Start of RECORDS SUPPLIED

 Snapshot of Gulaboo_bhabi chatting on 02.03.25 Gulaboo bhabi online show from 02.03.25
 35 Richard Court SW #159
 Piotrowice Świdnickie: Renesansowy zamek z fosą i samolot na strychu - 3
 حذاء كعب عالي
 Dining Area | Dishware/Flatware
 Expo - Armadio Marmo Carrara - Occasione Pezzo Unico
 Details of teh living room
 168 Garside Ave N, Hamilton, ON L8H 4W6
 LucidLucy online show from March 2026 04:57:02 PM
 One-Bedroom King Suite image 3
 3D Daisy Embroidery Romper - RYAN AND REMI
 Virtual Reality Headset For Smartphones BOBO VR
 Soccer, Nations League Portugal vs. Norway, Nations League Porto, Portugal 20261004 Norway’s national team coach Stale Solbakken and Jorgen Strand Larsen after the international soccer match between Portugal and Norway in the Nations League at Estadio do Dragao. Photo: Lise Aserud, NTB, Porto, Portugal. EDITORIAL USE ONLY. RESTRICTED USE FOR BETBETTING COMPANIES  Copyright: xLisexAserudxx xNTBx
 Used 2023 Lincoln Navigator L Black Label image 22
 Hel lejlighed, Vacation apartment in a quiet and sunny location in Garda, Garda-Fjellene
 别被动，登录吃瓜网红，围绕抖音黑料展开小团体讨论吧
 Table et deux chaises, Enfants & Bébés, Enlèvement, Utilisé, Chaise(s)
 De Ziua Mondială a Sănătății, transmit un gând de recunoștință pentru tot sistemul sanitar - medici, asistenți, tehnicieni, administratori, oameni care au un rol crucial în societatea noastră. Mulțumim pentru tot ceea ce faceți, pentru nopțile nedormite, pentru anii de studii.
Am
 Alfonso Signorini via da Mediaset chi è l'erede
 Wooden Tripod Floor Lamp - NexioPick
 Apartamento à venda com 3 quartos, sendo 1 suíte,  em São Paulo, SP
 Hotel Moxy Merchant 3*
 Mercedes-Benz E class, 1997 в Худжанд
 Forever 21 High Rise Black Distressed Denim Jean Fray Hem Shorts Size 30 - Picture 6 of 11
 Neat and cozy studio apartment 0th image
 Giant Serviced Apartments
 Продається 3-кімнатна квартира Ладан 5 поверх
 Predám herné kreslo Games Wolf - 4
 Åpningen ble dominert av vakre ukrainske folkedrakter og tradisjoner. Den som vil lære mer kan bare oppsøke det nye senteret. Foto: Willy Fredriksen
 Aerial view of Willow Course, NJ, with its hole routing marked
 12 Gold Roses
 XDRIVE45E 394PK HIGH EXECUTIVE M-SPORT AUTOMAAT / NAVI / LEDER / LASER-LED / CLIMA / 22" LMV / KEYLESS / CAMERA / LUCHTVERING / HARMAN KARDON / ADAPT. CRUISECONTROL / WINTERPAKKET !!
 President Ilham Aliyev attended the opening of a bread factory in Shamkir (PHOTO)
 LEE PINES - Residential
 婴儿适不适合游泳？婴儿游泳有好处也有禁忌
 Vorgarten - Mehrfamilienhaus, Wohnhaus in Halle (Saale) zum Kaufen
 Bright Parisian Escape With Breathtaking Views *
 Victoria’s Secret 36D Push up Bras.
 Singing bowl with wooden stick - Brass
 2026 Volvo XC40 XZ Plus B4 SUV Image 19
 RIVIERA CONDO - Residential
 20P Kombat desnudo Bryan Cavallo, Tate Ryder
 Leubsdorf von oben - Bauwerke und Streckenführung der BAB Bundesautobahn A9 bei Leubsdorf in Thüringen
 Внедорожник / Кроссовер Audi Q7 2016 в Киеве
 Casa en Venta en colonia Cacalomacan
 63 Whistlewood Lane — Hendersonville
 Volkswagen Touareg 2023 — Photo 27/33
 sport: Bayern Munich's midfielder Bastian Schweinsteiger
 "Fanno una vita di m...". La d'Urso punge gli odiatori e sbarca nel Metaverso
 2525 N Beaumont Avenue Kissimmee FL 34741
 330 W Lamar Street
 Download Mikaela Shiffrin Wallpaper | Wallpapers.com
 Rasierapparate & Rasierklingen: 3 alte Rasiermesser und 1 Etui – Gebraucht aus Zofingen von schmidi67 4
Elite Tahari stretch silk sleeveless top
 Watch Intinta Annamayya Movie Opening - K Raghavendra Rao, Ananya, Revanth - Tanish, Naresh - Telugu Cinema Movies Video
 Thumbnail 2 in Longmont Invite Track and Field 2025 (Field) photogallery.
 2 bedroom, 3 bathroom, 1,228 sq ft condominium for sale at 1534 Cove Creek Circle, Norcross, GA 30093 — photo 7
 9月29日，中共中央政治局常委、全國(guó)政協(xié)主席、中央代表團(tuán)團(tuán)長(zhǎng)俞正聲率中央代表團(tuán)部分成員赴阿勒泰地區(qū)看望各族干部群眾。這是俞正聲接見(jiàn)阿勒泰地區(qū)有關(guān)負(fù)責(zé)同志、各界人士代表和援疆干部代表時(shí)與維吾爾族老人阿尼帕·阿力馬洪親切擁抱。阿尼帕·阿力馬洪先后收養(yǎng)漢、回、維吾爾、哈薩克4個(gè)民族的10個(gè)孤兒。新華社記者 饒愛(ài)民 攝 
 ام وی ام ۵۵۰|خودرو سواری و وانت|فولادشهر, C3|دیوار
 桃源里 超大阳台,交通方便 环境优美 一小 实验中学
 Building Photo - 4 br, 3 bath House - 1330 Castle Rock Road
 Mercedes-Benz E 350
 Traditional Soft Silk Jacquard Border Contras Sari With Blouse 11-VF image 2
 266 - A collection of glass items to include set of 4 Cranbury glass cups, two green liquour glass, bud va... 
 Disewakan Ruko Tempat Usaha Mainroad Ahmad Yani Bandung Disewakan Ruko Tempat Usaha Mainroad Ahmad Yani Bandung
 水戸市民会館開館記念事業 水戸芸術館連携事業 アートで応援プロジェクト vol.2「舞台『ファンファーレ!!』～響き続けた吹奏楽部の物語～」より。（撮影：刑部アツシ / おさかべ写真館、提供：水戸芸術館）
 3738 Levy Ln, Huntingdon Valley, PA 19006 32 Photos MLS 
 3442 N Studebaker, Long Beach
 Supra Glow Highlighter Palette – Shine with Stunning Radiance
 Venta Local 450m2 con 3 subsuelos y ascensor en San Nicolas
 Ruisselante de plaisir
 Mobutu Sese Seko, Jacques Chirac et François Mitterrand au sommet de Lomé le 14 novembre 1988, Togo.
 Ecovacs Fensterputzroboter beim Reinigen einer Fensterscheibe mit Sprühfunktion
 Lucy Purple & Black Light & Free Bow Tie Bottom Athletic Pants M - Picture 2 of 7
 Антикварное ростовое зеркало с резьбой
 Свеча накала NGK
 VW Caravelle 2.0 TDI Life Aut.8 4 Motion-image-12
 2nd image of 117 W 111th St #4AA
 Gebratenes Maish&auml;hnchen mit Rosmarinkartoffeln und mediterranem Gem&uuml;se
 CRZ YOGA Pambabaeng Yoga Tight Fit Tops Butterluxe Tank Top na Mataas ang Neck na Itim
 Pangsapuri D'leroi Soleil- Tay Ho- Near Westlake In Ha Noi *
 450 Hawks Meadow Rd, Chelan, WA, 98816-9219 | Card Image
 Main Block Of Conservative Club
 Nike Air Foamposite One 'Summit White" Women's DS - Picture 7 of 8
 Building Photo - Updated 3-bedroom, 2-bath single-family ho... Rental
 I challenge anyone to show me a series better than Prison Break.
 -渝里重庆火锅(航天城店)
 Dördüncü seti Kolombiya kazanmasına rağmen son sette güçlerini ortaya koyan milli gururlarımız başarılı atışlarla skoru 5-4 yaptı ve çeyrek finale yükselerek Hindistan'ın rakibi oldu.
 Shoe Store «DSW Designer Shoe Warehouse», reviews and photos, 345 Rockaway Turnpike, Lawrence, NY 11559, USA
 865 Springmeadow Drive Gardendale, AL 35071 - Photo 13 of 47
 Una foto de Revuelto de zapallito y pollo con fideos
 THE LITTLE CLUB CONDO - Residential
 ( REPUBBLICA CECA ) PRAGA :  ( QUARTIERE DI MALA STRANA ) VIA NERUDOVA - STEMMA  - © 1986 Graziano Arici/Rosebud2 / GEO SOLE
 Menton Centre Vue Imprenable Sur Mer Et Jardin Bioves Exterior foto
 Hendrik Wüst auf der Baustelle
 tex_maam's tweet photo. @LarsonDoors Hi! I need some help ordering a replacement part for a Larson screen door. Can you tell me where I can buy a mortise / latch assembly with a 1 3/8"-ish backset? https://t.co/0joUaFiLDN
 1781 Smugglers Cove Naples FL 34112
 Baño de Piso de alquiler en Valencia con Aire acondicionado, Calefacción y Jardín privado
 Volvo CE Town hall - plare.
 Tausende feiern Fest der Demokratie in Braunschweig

End of RECORDS SUPPLIED

_PROBLEM DETAILS_. Show the lines of the listing above with "online".

_TASK OUTPUT_.
 Snapshot of Gulaboo_bhabi chatting on 02.03.25 Gulaboo bhabi online show from 02.03.25
 LucidLucy online show from March 2026 04:57:02 PM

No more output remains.